Exercise requirements: Please restate, word for word, the lines below that begin at the one with "Gammelstova på Fostervoll." and end at the one with "Frå Nordmøre Museum si fotosamling". Leave out all other lines.
[Exercise materials]
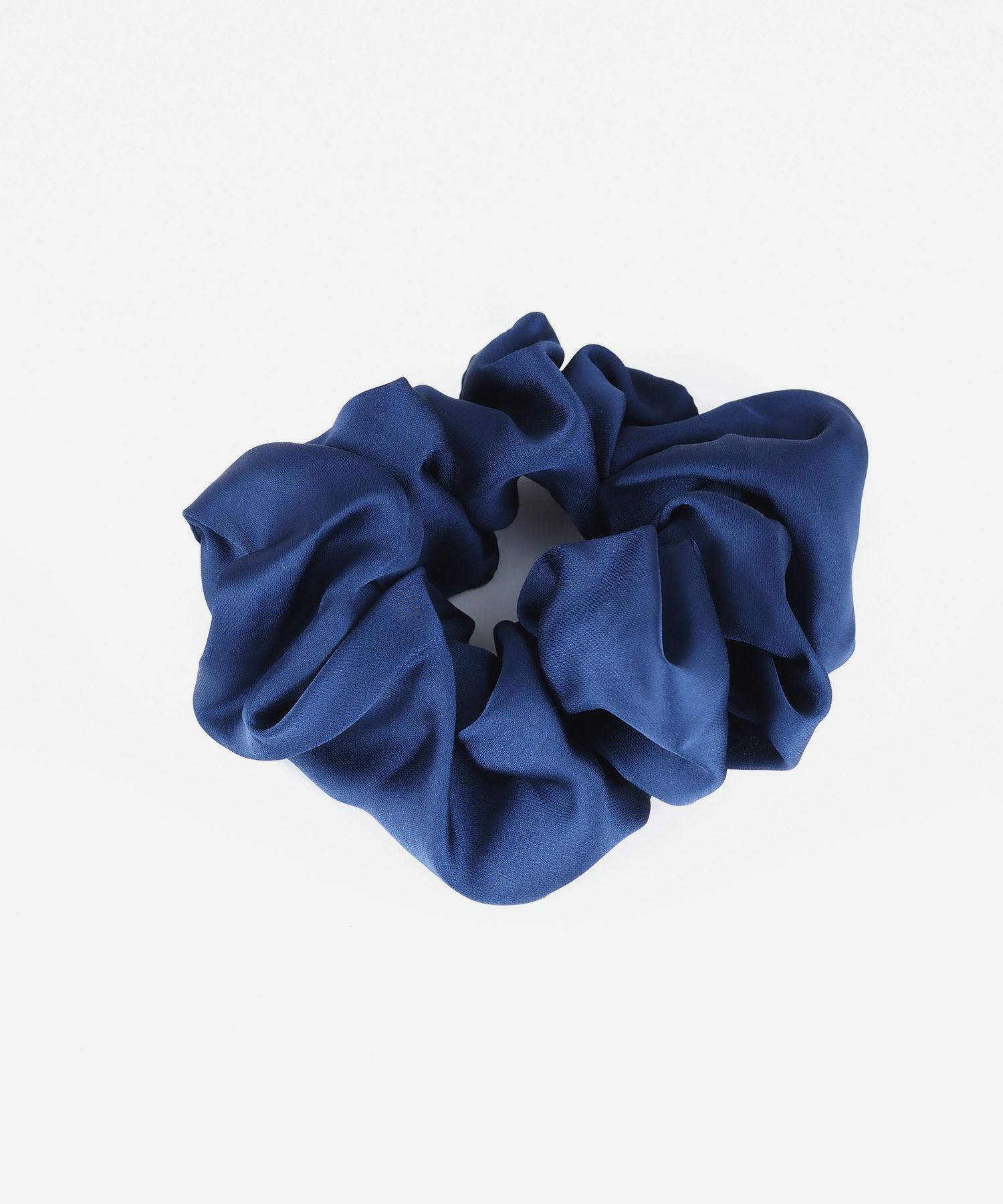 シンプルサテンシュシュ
[/Exercise materials]
[Exercise materials]
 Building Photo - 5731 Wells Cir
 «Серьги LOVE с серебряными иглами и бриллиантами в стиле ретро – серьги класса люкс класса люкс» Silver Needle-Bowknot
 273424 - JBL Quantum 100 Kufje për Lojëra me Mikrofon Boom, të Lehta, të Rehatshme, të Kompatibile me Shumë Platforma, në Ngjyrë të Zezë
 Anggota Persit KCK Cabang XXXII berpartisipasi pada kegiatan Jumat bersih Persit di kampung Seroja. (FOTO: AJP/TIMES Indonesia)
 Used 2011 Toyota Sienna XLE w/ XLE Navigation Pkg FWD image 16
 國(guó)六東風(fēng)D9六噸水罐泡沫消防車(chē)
[/Exercise materials]
[Exercise materials]
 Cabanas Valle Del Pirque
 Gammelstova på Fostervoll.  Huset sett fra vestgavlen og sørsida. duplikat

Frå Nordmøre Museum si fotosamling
[/Exercise materials]
Response to the exercise:
 Gammelstova på Fostervoll.  Huset sett fra vestgavlen og sørsida. duplikat

Frå Nordmøre Museum si fotosamling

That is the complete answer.